This is a snippet of the "Compression" chapter of the book.
Compression is one of the tools that every programmer should understand and wield confidently. Such situations when the size of the dataset is larger than the program can handle directly and it becomes a bottleneck are quite frequent and can be encountered in any domain. There are many forms of compression, yet the most general subdivision is between lossless one which preserves the original information intact and lossy compression which discards some information (assumed to be the most useless part or just noise). Lossless compression is applied to numeric or text data, whole files or directories — the data that will become partially or utterly useless if even a slight modification is made. Lossy compression, as a rule, is applied to data that originates in the "analog world": sound or video recordings, images, etc. We have touched the subject of lossy compression slightly in the previous chapter when talking about such formats as JPEG. In this chapter, we will discuss the lossless variants in more detail. Besides, we'll talk a bit about other, non-compressing, forms of encoding.
Encoding
Let's start with encoding. Lossless compression is, in fact, a form of encoding, but there are other, simpler forms. And it makes sense to understand them before moving to compression. Besides, encoding itself is a fairly common task. It is the mechanism that transforms the data from an internal representation of a particular program into some specific format that can be recognized and processed (decoded) by other programs. What we gain is that the encoded data may be serialized and transferred to other computers and decoded by other programs, possibly, independent of the program that performed the encoding.

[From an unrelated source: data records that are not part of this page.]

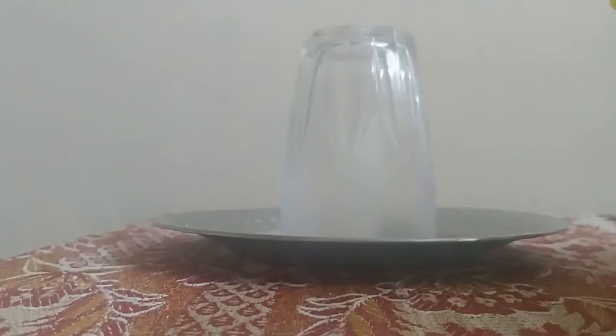The glass will have a black spot. It is the unburned carbon which is produced when the candle was burning. This proves that oxygen is necessary for combustion. Thank you.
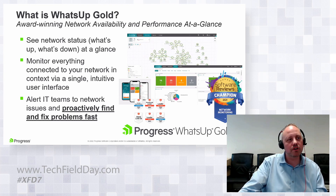WhatsUp Gold provides that eye in the sky to see what's going on. Using discovery tools — an SNMP walk to find what's on the network and an ICMP sweep — we can identify everything, including rogue devices sending out spurious information. Getting proactive alerts and resolution of those issues is where WhatsUp Gold and Flowmon really come into play.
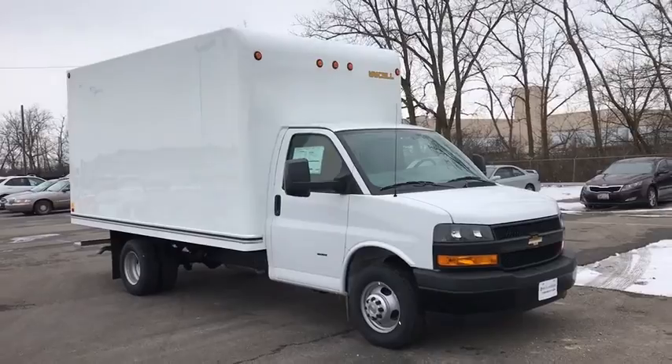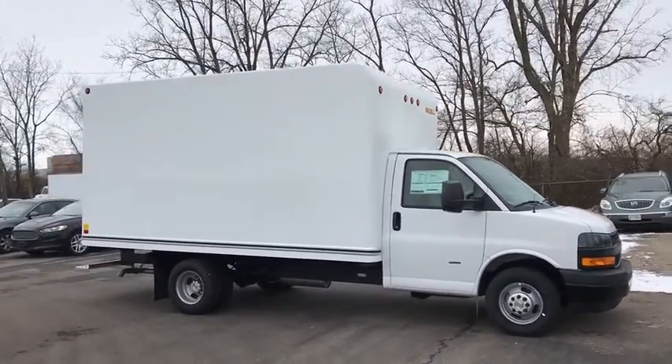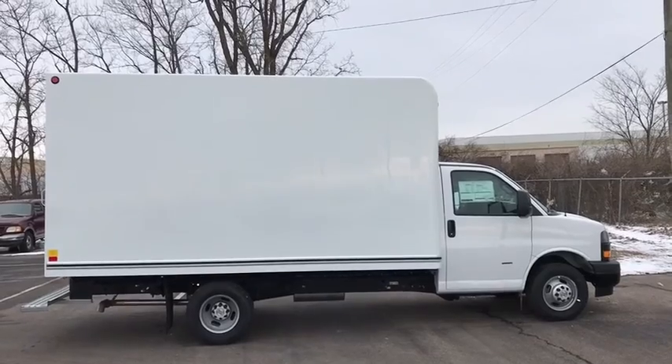The Express offers massive spaciousness, style, safety, and a surprising amount of optional features. This vehicle has less than 100 miles. If you like it online, you'll love it in your driveway. Take it for a spin today.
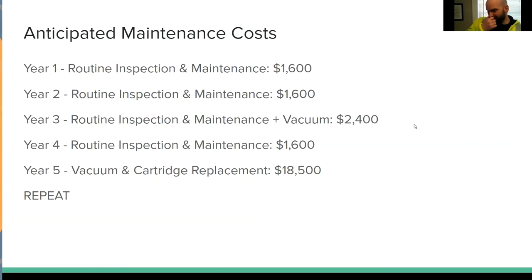The anticipated maintenance cost of this — from what we've been told — is roughly for year one: about $1,600 for the routine inspection and maintenance. Year two is the same thing. Year three, you're going to do a vacuuming of the sediment on the bottom, so it's a little additional money. Year four is the same as one and two. And then by year five, you're supposed to replace the cartridges, which is a significant cost. Then you repeat the five-year cycle — that's what's recommended.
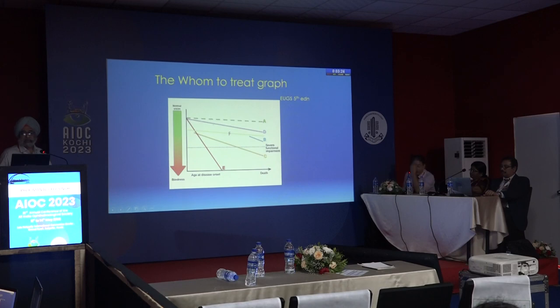A well-known graph from the European Glaucoma Guidelines shows the normal aging ganglion cell loss. The target pressure should make the ganglion cell loss curve parallel to the normal aging loss line, accounting for the existing level of damage. This parallel trajectory represents the ideal target pressure.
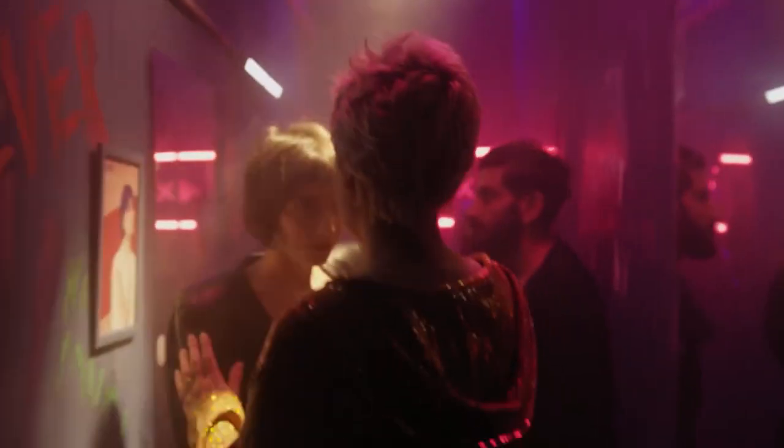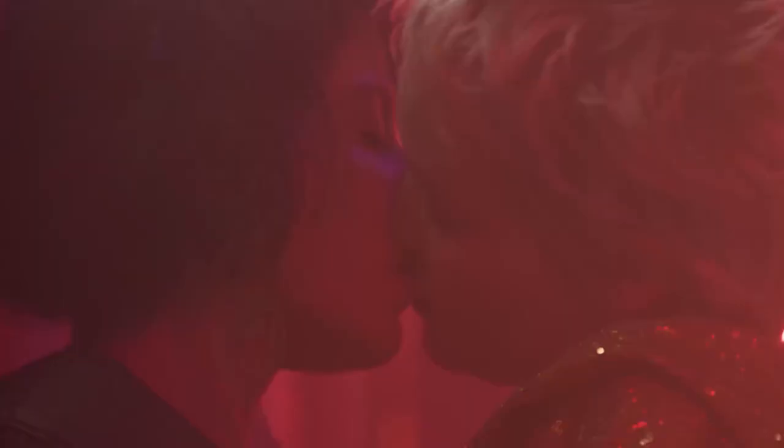Another similar example is in our Valentine's commercial, where we used red, pink and purple lighting to convey the feeling of love and intimacy.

Encoding may be applied to different semantic levels of the data. Character encoding operates on the level of individual characters or even bytes, while various serialization formats deal with structured data. There are two principal approaches to serialization: text-based and binary. The pros and cons are the opposite: text-based formats are easier to handle by humans but are usually more expensive to process, while binary variants are not transparent (and so, much harder to deal with) but much faster to process. From the point of view of algorithms, binary formats are, obviously, better. But my programming experience is that they are a severe form of premature optimization. The rule of thumb should be to always start with text-based serialization and move to binary formats only as a last resort when it was proven that the impact on the program performance will be significant and important.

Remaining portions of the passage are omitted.